All lines from the one that mentions "3mm Black Gold" through the last of the entries below must be copied exactly, with both ends kept.

> Data extracted from a collection:
'''
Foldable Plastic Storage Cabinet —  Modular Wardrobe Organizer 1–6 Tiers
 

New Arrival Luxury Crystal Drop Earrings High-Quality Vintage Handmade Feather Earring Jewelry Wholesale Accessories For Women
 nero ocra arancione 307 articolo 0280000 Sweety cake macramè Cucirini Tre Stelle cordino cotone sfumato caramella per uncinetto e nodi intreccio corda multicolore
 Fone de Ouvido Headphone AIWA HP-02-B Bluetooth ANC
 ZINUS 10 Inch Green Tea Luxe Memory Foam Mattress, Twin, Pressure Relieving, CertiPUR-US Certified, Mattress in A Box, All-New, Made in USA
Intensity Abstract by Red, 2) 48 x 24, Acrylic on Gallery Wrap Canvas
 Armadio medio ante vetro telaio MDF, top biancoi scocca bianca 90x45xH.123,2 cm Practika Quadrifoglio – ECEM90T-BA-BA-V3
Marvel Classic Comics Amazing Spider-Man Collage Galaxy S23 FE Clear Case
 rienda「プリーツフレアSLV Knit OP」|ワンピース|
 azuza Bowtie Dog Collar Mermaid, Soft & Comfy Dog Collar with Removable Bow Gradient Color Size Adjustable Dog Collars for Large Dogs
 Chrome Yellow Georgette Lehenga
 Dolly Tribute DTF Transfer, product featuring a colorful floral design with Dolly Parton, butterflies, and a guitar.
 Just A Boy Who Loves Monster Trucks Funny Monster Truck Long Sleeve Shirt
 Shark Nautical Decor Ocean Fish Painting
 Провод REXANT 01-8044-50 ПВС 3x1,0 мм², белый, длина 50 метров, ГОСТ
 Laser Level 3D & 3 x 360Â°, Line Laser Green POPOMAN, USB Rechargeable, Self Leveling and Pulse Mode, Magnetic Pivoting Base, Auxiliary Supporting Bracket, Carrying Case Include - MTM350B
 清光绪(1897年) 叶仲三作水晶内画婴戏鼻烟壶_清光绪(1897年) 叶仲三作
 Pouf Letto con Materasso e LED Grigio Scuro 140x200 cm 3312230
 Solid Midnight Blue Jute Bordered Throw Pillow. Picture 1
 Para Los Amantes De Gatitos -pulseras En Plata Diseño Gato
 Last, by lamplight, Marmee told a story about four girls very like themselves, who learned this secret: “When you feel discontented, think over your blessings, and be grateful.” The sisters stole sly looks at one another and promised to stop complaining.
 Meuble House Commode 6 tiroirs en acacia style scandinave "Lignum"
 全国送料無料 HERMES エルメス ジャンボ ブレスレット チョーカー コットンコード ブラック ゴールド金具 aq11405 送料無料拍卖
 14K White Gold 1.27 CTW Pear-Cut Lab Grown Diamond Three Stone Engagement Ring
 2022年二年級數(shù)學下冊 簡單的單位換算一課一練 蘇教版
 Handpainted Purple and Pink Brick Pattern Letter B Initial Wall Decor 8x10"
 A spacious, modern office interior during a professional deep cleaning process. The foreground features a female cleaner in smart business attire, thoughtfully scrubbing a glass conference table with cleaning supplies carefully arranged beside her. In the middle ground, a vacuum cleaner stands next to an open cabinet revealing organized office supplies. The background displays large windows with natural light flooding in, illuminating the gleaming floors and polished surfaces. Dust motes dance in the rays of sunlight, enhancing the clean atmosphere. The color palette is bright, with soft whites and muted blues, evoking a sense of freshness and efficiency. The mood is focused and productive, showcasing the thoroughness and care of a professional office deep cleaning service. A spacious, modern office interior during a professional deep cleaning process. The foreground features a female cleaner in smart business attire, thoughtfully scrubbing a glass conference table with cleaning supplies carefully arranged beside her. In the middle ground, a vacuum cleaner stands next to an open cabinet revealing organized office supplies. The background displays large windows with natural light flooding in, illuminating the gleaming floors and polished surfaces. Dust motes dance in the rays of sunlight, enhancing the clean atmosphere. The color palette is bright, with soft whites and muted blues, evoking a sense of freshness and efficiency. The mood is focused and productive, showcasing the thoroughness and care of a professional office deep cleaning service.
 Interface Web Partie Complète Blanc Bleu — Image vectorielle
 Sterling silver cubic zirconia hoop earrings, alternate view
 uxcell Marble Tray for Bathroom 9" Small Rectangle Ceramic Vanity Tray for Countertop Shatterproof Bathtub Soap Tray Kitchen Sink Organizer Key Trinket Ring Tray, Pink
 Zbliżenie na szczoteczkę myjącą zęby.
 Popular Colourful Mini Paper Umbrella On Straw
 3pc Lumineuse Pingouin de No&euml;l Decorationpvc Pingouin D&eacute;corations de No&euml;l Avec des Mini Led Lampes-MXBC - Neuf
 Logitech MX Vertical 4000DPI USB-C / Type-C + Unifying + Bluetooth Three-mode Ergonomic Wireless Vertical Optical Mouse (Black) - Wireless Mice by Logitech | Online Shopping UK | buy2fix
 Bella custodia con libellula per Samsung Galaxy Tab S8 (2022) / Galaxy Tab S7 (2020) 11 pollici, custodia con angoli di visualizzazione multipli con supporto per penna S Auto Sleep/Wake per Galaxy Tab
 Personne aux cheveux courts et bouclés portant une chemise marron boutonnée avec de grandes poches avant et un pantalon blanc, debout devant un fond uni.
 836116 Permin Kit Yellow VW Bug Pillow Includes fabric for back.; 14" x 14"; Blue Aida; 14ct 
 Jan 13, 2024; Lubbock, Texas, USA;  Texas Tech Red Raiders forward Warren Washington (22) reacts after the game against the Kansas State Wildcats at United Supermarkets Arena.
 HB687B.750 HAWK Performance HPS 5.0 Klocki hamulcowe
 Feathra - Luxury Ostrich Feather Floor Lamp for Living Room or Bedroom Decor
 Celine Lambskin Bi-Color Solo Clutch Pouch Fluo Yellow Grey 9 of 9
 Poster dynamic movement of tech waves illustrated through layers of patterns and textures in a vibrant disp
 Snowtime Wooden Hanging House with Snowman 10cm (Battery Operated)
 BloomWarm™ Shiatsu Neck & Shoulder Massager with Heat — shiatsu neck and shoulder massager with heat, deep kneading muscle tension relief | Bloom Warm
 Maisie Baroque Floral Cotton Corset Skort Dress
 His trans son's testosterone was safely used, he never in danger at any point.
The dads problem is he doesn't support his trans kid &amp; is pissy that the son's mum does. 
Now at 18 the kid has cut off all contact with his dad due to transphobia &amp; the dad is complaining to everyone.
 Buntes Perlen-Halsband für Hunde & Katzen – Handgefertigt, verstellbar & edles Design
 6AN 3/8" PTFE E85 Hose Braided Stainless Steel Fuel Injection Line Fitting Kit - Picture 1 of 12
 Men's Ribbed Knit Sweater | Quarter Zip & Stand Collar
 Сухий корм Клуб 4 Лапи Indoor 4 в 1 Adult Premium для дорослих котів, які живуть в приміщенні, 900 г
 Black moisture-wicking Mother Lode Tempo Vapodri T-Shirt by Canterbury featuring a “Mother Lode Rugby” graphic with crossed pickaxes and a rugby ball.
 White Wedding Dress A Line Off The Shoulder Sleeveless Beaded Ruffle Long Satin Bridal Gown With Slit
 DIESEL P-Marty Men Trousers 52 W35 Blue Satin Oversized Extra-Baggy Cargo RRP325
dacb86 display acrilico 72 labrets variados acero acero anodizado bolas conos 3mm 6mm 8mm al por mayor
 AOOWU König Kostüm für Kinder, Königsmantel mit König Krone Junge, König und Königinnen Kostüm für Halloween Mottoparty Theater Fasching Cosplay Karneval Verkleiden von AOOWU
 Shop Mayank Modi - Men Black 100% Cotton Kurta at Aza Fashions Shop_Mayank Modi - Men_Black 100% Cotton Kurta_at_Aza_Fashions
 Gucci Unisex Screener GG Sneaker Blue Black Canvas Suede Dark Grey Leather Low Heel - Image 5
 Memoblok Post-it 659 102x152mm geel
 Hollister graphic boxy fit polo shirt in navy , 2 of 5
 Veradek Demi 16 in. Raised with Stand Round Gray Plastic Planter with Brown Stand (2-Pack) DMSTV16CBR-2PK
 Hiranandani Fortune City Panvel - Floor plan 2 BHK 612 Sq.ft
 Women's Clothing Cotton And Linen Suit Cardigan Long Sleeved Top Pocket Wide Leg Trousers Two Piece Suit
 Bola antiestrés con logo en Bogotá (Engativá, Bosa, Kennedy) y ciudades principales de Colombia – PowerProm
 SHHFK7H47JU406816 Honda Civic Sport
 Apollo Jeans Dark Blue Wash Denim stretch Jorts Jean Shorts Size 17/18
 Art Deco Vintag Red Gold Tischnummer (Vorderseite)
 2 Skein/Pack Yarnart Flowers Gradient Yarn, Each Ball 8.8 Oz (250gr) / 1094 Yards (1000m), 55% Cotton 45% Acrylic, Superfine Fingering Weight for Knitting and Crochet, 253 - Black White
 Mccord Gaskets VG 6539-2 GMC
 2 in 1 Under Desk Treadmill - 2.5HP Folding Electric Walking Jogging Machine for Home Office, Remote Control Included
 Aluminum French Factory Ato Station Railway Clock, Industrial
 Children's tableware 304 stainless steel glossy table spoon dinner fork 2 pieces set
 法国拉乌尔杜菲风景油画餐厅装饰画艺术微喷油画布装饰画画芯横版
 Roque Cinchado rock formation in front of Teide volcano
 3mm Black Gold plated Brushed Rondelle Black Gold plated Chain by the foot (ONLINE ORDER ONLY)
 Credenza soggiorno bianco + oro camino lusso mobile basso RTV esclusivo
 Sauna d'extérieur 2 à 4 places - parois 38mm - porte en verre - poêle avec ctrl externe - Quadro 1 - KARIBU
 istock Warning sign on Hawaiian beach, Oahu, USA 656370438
'''
> Completed task:
 3mm Black Gold plated Brushed Rondelle Black Gold plated Chain by the foot (ONLINE ORDER ONLY)
 Credenza soggiorno bianco + oro camino lusso mobile basso RTV esclusivo
 Sauna d'extérieur 2 à 4 places - parois 38mm - porte en verre - poêle avec ctrl externe - Quadro 1 - KARIBU
 istock Warning sign on Hawaiian beach, Oahu, USA 656370438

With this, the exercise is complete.